Face à la gronde des voyageurs estimant que les prix des billets de trains ont explosé, la SNCF se contente d’affirme qu’il s’agit d’un problème de perception. Mais elle garde son système de tarification ultra-secret.
- Face à la gronde des Français sur les tarifs des billets de train, la SNCF assure qu’il s’agit d’une “impression”
- Pourtant les chiffres de l’INSEE montrent bien une hausse des tarifs
- Une enquête édifiante de Libération met en lumière des pratiques qui sont loin de nous “faire préférer le train”
Vous avez l’impression que les prix des billets de trains ont explosé ? Selon la SNCF, ce n’est qu’une impression. L’entreprise explique que les tarifs ont augmenté de 5% depuis janvier 2023, à cause de l’inflation. « Mais la dernière hausse remontait à 2014 » assure la SNCF à Libération qui a mené une grande enquête sur le sujet. La hausse des prix « est une perception, mais pas la réalité » insiste l’entreprise.
Pourtant, 6 Français sur 10 estiment que les tarifs des trains ont beaucoup augmenté durant les trois dernières années. Une « impression » confirmée par les chiffres de l’INSEE qui indiquent une hausse des prix de 8,2% en moyenne en juin 2023, juste avant les départs en vacances.
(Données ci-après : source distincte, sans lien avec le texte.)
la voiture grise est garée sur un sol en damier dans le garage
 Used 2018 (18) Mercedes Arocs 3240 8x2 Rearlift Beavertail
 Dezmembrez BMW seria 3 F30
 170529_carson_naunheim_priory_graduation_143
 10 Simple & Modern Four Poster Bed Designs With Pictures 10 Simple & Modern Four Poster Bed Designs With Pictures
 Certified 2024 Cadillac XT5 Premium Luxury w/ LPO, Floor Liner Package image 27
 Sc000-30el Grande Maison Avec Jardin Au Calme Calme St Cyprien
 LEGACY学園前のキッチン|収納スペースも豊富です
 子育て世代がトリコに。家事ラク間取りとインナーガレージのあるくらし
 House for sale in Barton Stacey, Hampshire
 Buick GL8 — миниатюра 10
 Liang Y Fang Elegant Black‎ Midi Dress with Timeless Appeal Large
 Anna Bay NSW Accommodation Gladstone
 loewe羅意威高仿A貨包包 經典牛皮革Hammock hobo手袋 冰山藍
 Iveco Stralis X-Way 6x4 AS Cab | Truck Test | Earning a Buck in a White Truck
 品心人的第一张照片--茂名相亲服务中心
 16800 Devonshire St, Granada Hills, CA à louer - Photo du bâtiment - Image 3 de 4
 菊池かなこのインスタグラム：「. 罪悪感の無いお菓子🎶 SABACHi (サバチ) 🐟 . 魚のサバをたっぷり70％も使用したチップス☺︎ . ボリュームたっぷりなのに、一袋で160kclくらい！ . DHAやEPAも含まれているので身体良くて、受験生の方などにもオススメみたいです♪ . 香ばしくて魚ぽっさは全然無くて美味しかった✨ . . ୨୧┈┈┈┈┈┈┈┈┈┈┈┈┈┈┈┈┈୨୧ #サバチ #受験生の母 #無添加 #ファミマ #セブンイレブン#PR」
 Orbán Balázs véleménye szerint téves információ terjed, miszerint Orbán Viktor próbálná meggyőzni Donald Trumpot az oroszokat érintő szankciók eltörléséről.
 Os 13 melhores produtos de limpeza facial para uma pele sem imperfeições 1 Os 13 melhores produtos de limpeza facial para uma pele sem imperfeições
Qu’est-ce qui explique cette différence ? La SNCF a bien des difficultés à se justifier. Un cadre explique à Libération que « la SNCF raisonne sur une moyenne (…) Un Paris-Nice doit coûter 75 euros pour être rentable, pour que certains puissent en avoir à 37 euros, il faut d’autres paient 140 ». Soit. Mais lorsque Libération demande à l’entreprise quelle est la part de personnes payant leurs billets aux montants les plus élevés, « on ne peut pas vous répondre » rétorque la SNCF, évoquant le secret des affaires depuis l’ouverture à la concurrence en 2018.
Un argument complètement bidon explique un autre cadre de l’entreprise. « Si les concurrents veulent savoir, il leur suffit d’un petit robot qui enregistre les prix pratiqués » précise-t-il.
La « tour mystère »
Les prix des billets de trains se décideraient en fait dans une tour de La Défense. Baptisée « la tour mystère », cette « forteresse » représente « le nerf de la guerre » explique un conducteur.
Après beaucoup d’insistance, les journalistes de Libération ont réussi à obtenir quelques réponses, plus floues les unes que les autres. Après avoir rappelé que la hausse des prix n’était qu’une impression, l’attachée de presse de l’entreprise finit par expliquer que la SNCF utilise la technique du « yield management » depuis 1993 (avant elle facturait au kilomètre parcouru), la même que celle utilisée dans les compagnies aériennes ou les parcs d’attractions.
Grosso modo, c’est la loi de l’offre et de la demande : au fur et à mesure que les trains se remplissent, les prix augmentent. « Nos analystes regardent comment les trains se remplissent et ils ajustent les prix » explique l’attachée de presse. Comment ? Mystère et boule de gomme, il ne faut rien dévoiler à la concurrence. On connaît la chanson.
En saura-t-on davantage sur les prix des billets de train ? Non. Les Français continueront de se faire flouer tant que la concurrence ne viendra pas casser les prix, comme c’est le cas sur la ligne Paris-Lyon (Trenitalia) ou sur l’axe Lyon-Barcelone (Renfe). Si eux parviennent à proposer des tarifs intéressants avec un service plus premium, pourquoi pas la SNCF ? On a bien une idée, mais on se gardera de tout commentaire.
Jean Finez, sociologue à l’université de Grenoble spécialiste du domaine ferroviaire avance peut-être l’explication la plus probable : « en focalisant sur les prix, on évite de parler du reste ».
Détourner l’attention, un art dans lequel la SNCF semble être passée maître. « J’espère que vous allez faire le même article avec les prix d’Air France, assène l’attachée de presse de la SNCF à Libération. Pourquoi s’en prendre toujours à la SNCF ? ». Peut-être parce qu’il coûte moins cher de voyager en avion en 2023 alors que l’Etat, actionnaire à 100% de la SNCF, invite les Français à favoriser le train. Une démarche écologique qu’ils disent.